Assignment:
The lines you should transcribe are those from the one containing "AK Bielefeld, Dr." to the end of the listing below, exactly, with pictures left out.
━━━ Raw data
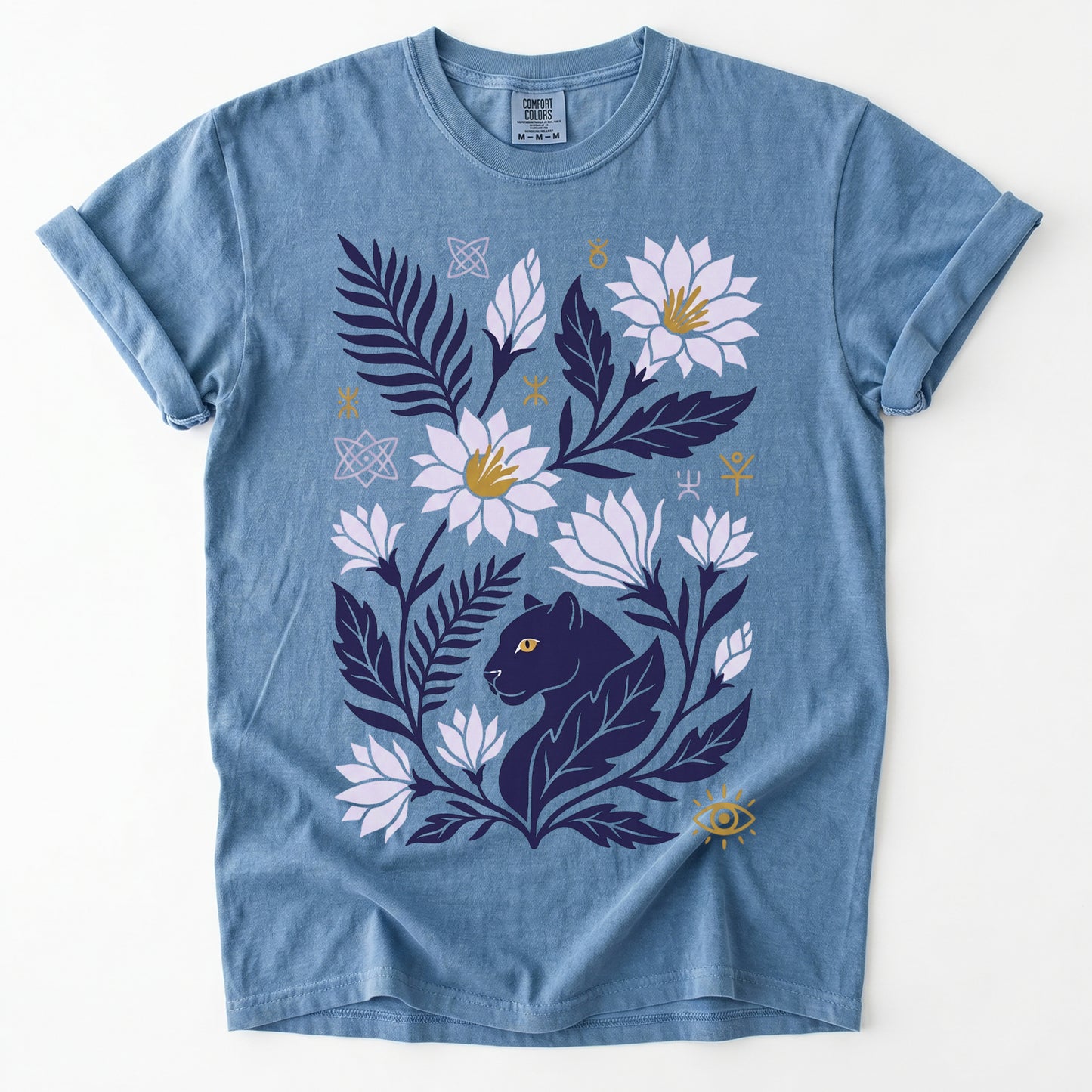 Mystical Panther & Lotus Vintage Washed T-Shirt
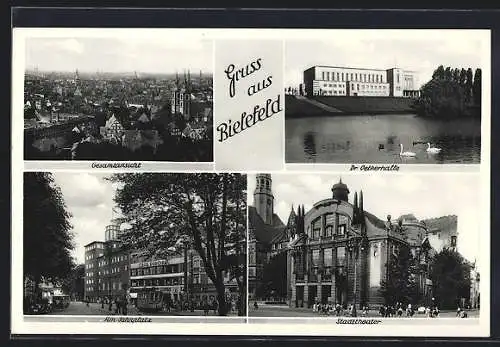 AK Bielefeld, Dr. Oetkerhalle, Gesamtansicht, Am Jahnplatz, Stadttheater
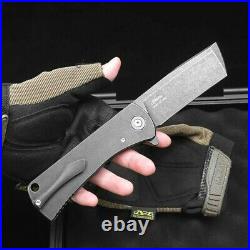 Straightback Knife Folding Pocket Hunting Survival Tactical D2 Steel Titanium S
━━━━━━
Solution:
 AK Bielefeld, Dr. Oetkerhalle, Gesamtansicht, Am Jahnplatz, Stadttheater
 Straightback Knife Folding Pocket Hunting Survival Tactical D2 Steel Titanium S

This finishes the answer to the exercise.